Key functions
The data object model in PingOne Advanced Identity Cloud should support the key functions of an identity platform including one or more of the following:
-
Identification: Occurs when a user or entity makes a claim about their identity when attempting to gain access to a system or resource. For example, a user enters their username or ID to access a system. Learn how to achieve this via a journey in login journey.
-
Authentication: Occurs when the user or entity proves their identity to the satisfaction of the access system.

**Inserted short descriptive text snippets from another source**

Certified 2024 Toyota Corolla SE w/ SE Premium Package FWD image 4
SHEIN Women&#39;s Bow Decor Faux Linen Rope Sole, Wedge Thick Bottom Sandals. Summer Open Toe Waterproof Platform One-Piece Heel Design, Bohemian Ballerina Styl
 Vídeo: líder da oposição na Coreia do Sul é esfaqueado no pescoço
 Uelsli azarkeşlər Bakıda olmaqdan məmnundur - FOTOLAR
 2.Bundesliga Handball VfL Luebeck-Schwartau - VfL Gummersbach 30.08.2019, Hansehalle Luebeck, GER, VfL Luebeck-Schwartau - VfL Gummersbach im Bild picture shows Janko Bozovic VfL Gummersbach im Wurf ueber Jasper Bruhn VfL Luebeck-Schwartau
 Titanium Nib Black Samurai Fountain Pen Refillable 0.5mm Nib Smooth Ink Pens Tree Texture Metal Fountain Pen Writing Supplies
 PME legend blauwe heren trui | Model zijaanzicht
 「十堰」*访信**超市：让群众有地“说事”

For example, a user enters their password or their identity is confirmed through some other process, which is verified by the system. Learn more in Introduction to Authentication.
-
Authorization: Occurs when the system checks that the user or entity is allowed to access the resource or system after proper identification and authentication. Learn more in Authorizations and policy decisions.
-
Identity provisioning: Ensures user accounts are created, updated, deleted, and assigned the proper access privileges to resources across applications and systems.
You can achieve this in various ways in Advanced Identity Cloud:
Item Description Use a library of templates for OIDC applications that makes the process of registration, provisioning, and configuration quick and easy.
Use a CSV file to import a set of identities. This is useful when you want to add a large number of identities to Roles and assignments in a single operation.
Create an entitlements structure that fits the needs of each realm by using roles and assignments.
Synchronize identities from an external data store.
Use pass-through authentication to validate user passwords via a remote service.